Search code examples
htmlconvertersmhtml

How can you programmatically (or with a tool) convert .MHT mhtml files to regular HTML and CSS files?


Many tools have a way to export a .MHT file. I want a way to convert that single file to a collection of files, an HTML file, the relevant images, and CSS files, that I could then upload to a webhost and be consumable by all browsers. Does anybody know any tools or libraries or algorithms to do this.


Solution

  • Well, you can open the .MHT file in IE and the Save it as a a web page. I tested this with this page, and even though it looked odd in IE (it's IE after all), it saved and then opened fine in Chrome (as in, it looked like it should).

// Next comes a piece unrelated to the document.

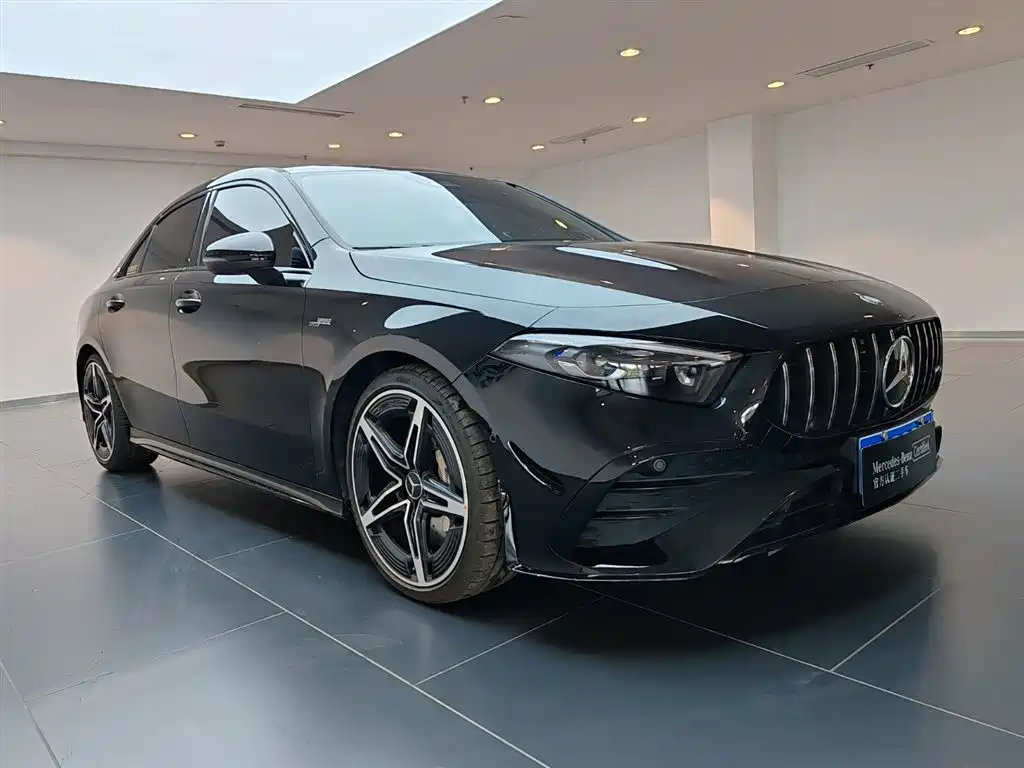 Mercedes-Benz A-Class AMG 2025 — фото 2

    Barring that method, looking at the file itself, text blocks are saved in the file as-is, and all other content is saved in Base64. Each item of content is preceded by:

    [Boundary]
    Content-Type: [Mime Type]
    Content-Transfer-Encoding: [Encoding Type]
    Content-Location: [Full path of content]
    

    Where [Mime Type], [Encoding Type], and [Full path of content] are variable. [Encoding Type] appears to be either base64 or quoted-printable. [Boundary] is defined in the beginning of the .MHT file like so:

    From: <Saved by WebKit>
    Subject: converter - How can you programmatically (or with a tool) convert .MHT mhtml        files to regular HTML and CSS files? - Stack Overflow
    Date: Fri, 9 May 2013 13:53:36 -0400
    MIME-Version: 1.0
    Content-Type: multipart/related;
        type="text/html";
        boundary="----=_NextPart_000_0C08_58653ABB.B67612B7"
    

    Using that, you could make your own file parser if needed.